[Top][All Lists]
[Date Prev][Date Next][Thread Prev][Thread Next][Date Index][Thread Index]
Re: [Gnu-arch-users] [PATCH] arch speedups on big trees
From: |
Andrew Suffield |
Subject: |
Re: [Gnu-arch-users] [PATCH] arch speedups on big trees |
Date: |
Fri, 19 Dec 2003 19:19:21 +0000 |
User-agent: |
Mutt/1.5.4i |
On Fri, Dec 19, 2003 at 11:08:45AM -0800, Tom Lord wrote:
>
>
> > From: Chris Mason <address@hidden>
>
> > I've been playing around with a few ideas to improve arch performance on
> > large source trees, mostly in the area of applying changesets, and
> > creating changesets. I've got a sample archive here with 100 changesets
> > on top of the linux 2.6 kernel, and vanilla arch takes a number of
> > minutes to apply them all (15-30 seconds per changeset via tla replay)
>
> > This is primarily because arch is doing an inventory of the source tree
> > before each changeset, my patch changes things to inventory only the
> > files touched by the changeset instead. It sends a table of the
> > candidate files to the inventory funcs, and this brings the time to
> > replay my 100 changesets to ~4 seconds.
>
> Holy crap! Really?
This feels intuitively right to me (ie, order of magnitude is
reasonable). I'm fairly sure I've noted before now that inventory and
the inode-sigs check are still the things that tla spends most of its
time doing on non-trivial trees - it's better than it was, and now
"fast enough" for small trees, but there's still some way to
go. stat() is slow, and open()/read() even slower.
Some rough numbers:
On a smallish tree with 740 files, here's the top of strace -c when I
apply about 20 changesets in one run:
% time seconds usecs/call calls errors syscall
------ ----------- ----------- --------- --------- ----------------
33.87 0.505745 6 79916 write
15.30 0.228506 6 40300 3239 lstat64
15.04 0.224609 7 33808 18 open
10.63 0.158737 3 55474 read
6.12 0.091420 3 33837 close
(Total runtime, about 3 seconds; percentages are of the total syscall
time, not the total runtime)
The lstat64s are more or less entirely inode-sigs checks, and the
open/read/closes are mostly reading explicit tag files.

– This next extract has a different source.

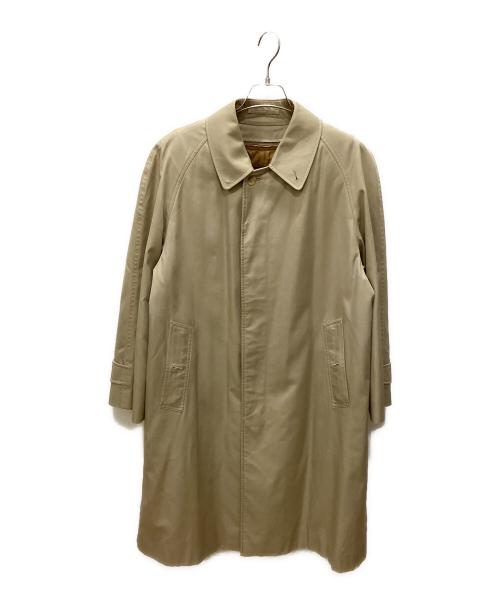 BURBERRY（バーバリー）BURBERRY (バーバリー) ライナー付トレンチコート ベージュ サイズ:Ｌの古着・服飾アイテム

The writes are mostly writing inode-sigs files (why is it writing so
many? looks to be one-per-changeset-applied).
All of these things are happening too damn often, and even on a
smallish tree they're taking up a fair amount of time. On a really big
tree, like linux, they're going to dominate. For long series of
changeset application, it's going to be *horrible*.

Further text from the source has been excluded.